そもそも僕たちはこれから学校に行くんじゃないのか。
朝の六時半。七時の朝食にはまだ時間があるけれど。
「まあ寝てたからお前の許可は取れなかったな」
ってかさ、と康介は僕をつまんなそうな顔で見下ろす。
「こんだけちゅっちゅされてすやすや寝てるってどんだけ寝穢いんだよ、
「睡眠は明日への活力だ」
睡眠大事。何とでも言え。
「まあいいけどさ。それより見ろよ、俺が付けたキスマーク。すげぇ芸術的じゃね?」
僕のパジャマの上着はボタンをすべて外されて全開で(もちろん被っていたはずの布団も脇へ寄せられていた)。

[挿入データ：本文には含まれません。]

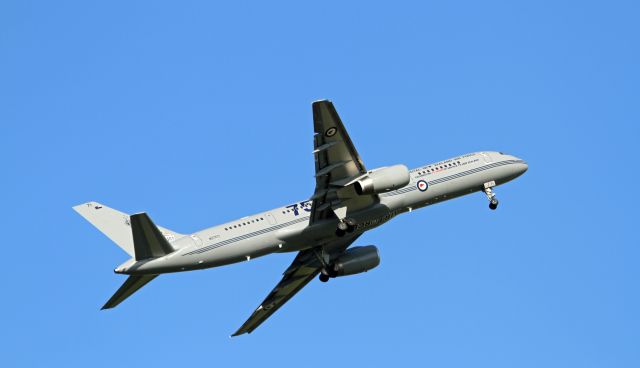 Boeing 757-200 (ANZ7571)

康介の言葉を信じるなら僕の上半身にキスマークがついているのだろう。だけど自分の身体は鏡でしか見ることができないから芸術的って言われてもね……。
「所狭しと花開いて、満開の花畑を眺めてるようだぞ。可愛い」
一人うっとりするのは構わないけど、花畑ってどんだけ付けまくったんだ。
誰を想定してるのか知らないけど。
不感症だからって僕で練習するのはいい加減やめてほしい。
「よし、今日のテスト、満点取れそうだな」
康介は楽しげにベッドを降りた。
さて、僕も着替えよう。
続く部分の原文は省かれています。